| WHAT THE TASK ASKS |
Look through the listing for the word "with". Copy each line that has it.

| THE DATA |

• • • • • • •

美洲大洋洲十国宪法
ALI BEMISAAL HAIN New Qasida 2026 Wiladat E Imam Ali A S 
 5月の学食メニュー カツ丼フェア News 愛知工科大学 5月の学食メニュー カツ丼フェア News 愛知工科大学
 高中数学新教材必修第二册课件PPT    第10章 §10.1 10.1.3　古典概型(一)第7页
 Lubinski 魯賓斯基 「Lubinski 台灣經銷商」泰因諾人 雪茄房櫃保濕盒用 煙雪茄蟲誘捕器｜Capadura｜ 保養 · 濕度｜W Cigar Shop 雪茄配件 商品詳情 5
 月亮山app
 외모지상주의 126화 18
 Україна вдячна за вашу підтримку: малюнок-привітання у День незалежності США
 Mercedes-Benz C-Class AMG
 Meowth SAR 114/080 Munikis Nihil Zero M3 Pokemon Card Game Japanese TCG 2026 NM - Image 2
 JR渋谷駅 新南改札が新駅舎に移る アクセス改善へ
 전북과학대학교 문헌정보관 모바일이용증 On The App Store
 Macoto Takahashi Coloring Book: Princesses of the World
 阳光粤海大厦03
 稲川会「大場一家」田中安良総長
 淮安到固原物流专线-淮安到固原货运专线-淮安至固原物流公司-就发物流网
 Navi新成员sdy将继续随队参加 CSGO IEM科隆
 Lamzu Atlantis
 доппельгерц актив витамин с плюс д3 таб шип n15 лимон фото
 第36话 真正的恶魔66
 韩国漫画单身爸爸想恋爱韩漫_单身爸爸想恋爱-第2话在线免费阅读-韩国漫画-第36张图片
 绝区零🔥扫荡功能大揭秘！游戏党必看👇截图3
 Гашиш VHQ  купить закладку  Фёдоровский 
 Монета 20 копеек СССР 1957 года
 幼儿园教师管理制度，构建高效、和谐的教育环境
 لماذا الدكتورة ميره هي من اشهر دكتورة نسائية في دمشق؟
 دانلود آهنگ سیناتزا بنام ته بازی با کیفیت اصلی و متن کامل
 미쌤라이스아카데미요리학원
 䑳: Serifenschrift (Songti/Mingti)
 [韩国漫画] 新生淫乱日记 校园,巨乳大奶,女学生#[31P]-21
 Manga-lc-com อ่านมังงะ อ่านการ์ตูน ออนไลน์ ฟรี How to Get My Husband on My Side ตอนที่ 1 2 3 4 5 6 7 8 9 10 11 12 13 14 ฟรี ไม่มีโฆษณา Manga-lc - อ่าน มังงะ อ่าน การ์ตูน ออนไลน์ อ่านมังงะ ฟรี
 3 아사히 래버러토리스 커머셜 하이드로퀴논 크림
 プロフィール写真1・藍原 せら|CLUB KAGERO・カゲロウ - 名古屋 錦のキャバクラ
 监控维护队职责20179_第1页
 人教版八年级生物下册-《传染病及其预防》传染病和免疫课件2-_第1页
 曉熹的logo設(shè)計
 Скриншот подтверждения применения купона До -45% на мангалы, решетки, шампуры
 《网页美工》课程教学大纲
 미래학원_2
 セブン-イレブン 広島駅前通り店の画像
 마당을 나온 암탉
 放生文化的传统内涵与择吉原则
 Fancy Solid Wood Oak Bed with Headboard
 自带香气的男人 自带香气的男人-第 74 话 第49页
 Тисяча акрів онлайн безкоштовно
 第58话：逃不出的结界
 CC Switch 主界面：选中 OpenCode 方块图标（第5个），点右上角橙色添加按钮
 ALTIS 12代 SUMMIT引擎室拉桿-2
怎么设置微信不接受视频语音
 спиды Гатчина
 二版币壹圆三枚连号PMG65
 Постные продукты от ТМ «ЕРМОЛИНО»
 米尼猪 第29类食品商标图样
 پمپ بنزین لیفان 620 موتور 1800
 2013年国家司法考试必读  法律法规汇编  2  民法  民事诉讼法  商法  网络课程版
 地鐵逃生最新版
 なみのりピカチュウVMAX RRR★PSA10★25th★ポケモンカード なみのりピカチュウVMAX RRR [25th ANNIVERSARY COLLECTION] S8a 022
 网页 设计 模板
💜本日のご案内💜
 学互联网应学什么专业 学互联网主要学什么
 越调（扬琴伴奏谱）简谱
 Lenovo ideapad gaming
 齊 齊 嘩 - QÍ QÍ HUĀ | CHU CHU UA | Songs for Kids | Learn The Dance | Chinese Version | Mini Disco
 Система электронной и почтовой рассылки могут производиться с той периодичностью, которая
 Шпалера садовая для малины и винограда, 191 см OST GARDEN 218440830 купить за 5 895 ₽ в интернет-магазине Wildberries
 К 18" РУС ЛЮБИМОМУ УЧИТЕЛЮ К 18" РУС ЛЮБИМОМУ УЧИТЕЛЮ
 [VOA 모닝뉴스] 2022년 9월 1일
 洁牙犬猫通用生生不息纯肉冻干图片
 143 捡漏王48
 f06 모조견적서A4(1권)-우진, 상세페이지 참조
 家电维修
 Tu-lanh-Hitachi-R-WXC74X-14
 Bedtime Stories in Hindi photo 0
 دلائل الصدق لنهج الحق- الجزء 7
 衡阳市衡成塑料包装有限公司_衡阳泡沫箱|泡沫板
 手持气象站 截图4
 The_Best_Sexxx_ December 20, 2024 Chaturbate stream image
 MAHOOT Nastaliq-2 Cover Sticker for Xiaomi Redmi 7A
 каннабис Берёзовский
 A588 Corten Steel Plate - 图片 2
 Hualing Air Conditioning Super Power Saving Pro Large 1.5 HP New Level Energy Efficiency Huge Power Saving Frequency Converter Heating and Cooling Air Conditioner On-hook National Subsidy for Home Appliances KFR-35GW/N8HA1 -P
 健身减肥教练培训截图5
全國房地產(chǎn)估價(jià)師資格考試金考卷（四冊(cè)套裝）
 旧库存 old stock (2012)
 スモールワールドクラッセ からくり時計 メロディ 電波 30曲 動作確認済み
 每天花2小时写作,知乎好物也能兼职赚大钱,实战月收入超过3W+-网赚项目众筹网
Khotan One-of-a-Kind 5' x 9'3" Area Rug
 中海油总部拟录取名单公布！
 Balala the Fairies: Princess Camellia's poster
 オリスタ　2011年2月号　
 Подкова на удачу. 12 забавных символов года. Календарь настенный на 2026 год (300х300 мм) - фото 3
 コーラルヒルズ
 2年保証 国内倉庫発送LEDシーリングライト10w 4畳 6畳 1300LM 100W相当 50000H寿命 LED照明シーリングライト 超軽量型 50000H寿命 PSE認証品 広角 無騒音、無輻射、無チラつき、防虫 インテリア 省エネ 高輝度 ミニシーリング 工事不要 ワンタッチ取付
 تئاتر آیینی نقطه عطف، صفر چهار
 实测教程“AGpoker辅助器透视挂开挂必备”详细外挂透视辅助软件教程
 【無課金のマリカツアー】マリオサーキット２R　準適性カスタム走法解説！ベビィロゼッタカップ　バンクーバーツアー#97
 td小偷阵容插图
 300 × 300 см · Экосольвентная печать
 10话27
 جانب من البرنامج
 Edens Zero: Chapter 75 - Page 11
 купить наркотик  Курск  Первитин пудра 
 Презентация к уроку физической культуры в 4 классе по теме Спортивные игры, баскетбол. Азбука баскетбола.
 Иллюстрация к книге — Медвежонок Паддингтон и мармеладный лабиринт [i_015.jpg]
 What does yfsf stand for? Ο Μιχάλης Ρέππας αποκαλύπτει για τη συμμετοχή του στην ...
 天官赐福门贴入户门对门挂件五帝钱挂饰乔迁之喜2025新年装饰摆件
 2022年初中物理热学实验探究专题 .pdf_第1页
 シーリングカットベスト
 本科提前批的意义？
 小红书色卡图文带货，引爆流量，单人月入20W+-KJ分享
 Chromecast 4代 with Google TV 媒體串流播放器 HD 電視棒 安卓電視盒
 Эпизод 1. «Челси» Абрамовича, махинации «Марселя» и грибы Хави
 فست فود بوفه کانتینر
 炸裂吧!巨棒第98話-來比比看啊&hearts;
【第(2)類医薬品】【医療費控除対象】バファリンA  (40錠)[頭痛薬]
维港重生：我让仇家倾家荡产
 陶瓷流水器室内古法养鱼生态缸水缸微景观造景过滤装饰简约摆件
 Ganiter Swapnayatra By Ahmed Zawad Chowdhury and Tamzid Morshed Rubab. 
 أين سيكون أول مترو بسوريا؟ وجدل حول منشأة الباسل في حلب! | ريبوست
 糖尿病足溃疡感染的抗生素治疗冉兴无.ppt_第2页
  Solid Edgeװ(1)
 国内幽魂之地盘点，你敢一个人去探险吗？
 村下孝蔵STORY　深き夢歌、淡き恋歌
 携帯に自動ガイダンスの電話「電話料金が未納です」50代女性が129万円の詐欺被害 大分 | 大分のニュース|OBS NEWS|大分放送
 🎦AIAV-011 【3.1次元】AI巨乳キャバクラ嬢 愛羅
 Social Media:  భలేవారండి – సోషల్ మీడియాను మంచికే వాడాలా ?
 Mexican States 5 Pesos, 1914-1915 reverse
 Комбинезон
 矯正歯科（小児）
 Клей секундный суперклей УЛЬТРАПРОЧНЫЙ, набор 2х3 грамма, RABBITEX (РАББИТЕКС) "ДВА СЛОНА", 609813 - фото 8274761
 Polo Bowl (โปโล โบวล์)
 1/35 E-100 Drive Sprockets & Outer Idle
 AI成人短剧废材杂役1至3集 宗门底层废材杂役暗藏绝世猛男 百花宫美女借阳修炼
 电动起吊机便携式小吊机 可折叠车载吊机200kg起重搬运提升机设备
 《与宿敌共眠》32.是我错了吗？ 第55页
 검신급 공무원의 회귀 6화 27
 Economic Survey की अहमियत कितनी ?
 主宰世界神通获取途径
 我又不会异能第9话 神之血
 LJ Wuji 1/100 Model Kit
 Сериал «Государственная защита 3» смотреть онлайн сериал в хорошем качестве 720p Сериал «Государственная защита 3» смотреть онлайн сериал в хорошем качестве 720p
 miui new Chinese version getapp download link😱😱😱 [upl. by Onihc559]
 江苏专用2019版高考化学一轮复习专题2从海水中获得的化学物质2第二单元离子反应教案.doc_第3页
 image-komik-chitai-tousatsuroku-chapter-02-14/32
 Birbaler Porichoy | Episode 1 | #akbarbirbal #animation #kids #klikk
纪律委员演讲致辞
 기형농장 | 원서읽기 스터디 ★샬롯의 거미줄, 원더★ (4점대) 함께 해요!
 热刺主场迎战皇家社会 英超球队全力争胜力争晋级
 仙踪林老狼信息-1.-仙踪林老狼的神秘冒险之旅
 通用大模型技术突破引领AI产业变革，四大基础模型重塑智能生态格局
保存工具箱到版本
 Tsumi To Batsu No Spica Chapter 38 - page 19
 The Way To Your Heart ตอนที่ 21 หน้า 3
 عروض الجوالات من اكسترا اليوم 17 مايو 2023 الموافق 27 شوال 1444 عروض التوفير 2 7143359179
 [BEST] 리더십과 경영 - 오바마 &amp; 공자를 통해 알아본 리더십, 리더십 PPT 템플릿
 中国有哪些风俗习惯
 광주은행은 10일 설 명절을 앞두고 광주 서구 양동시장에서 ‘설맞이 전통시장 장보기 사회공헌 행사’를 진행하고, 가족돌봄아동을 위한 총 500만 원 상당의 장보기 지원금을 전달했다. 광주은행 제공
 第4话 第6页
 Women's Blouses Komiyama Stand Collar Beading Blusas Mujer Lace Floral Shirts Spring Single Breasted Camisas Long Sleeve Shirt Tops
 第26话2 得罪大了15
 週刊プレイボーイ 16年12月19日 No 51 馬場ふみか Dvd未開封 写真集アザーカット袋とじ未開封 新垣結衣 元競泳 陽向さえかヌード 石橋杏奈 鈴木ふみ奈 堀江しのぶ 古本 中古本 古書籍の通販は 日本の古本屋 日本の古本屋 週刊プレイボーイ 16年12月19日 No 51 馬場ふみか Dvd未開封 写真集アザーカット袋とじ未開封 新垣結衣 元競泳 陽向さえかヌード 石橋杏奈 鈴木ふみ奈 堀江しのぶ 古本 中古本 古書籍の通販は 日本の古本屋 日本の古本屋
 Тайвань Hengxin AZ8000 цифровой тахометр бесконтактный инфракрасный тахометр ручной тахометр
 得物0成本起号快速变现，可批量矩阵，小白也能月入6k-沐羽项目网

• • • • • • •

| SOLUTION FOR THIS TASK |
 Fancy Solid Wood Oak Bed with Headboard
 Chromecast 4代 with Google TV 媒體串流播放器 HD 電視棒 安卓電視盒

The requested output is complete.